Bij Heteren is ca. 3 ha aan het Vogelrichtlijngebied onttrokken. Het gaat om binnendijks gelegen percelen en de dijk. De dijkvoet vormt in het gehele gebied de buitengrens van het Natura 2000-gebied.
De (beboste) stuwwal bij Noordberg (10,5 ha) is overgeheveld naar Natura 2000-gebied Veluwe omdat het uit ecologisch en landschappelijk oogpunt een geheel vormt met de rest van het aldaar aanwezige bos. Dit bos heeft geen betekenis voor watervogelsoorten waarvoor dit gebied is aangewezen.
Bij steenfabriek Heteren zijn percelen (ca. 5 ha) onttrokken aan het Vogelrichtlijngebied omdat het gaat om delen van het fabrieksterrein die door het gebruik in 2000 (erf, verharding) en vegetatie (boomgaard) niet behoren tot het leefgebied van de vogelsoorten waarvoor het gebied is aangewezen.
Op een bedrijfsterrein in Wageningen is naar aanleiding van een zienswijze een perceel (ca. 1.5 ha) aan het Vogelrichtlijngebied onttrokken, omdat dit perceel in 2000 door het gebruik (overig grondgebruik), de vegetatie en de ligging grenzend aan grondstoffenopslag van het bedrijfsterrein niet behoort tot het leefgebied van de soorten waarvoor het Vogelrichtlijngebied in 2000 is aangewezen.
Bij een fabrieksterrein in de Middelwaard (gemeente Buren) is de fabriekshaven in de geometrische begrenzing geëxclaveerd (ca. 3.5 ha) conform de tekstuele uitzondering bij de aanwijzing als Vogelrichtlijngebied.
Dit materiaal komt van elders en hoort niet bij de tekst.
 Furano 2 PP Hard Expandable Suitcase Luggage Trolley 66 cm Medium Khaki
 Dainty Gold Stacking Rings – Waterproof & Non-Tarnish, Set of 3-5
Ter hoogte van het Veerweiterrein in Rhenen zijn naar aanleiding van een zienswijze een jachthaven, bebouwing, een loswal en parkeerplaats de Paardenmarkt onttrokken aan het Vogelrichtlijngebied. (ca.2.5 ha). Bebouwing, verharding en loswal waren reeds tekstueel uitgesloten van de begrenzing en zijn nu ook in de geometrische begrenzing geëxclaveerd. Parkeerplaats de Paardenmarkt is in 2017 door een wijzigingsbesluit 13 tekstueel en in de geometrische begrenzing geëxclaveerd omdat er nieuwe feiten en omstandigheden van na het oorspronkelijke besluit tot aanwijzing als Vogelrichtlijngebied bekend zijn geworden. De nieuwe omstandigheid is de verharde parkeerplaats waardoor de locatie niet meer behoort tot het leefgebied van de vogels waarvoor het gebied is aangewezen. Het nieuwe feit is dat het bevoegd gezag, het college van gedeputeerde staten van Utrecht, de aanleg op grond van de Natuurbeschermingswet 1998 heeft vergund.
Bij steenfabriek Manuswaard/Wolfswaard is een perceel (ca. 0.5 ha, niet afgebeeld op in Bijlage A) in de marge van het fabrieksterrein onttrokken aan het Vogelrichtlijngebied dat door de ligging en aard van de vegetatie niet behoort tot het leefgebied van de Vogelsoorten waarvoor het gebied is aangewezen.
Bij Elst zijn tuinen en een boomgaard op de overgang naar de uiterwaard aan het Vogelrichtlijngebied onttrokken (ca. 2 ha) omdat deze gronden tekstueel al waren geëxclaveerd (tuinen) of geen enkele betekenis hebben voor de vogels waarvoor het gebied is aangewezen (boomgaard) of behoren tot de dijk ter plaatse. Van de percelen die in ontwerp waren geëxclaveerd, zijn een deel van de graslandpercelen die in 2000 als Vogelrichtlijngebied zijn aangewezen, weer toegevoegd.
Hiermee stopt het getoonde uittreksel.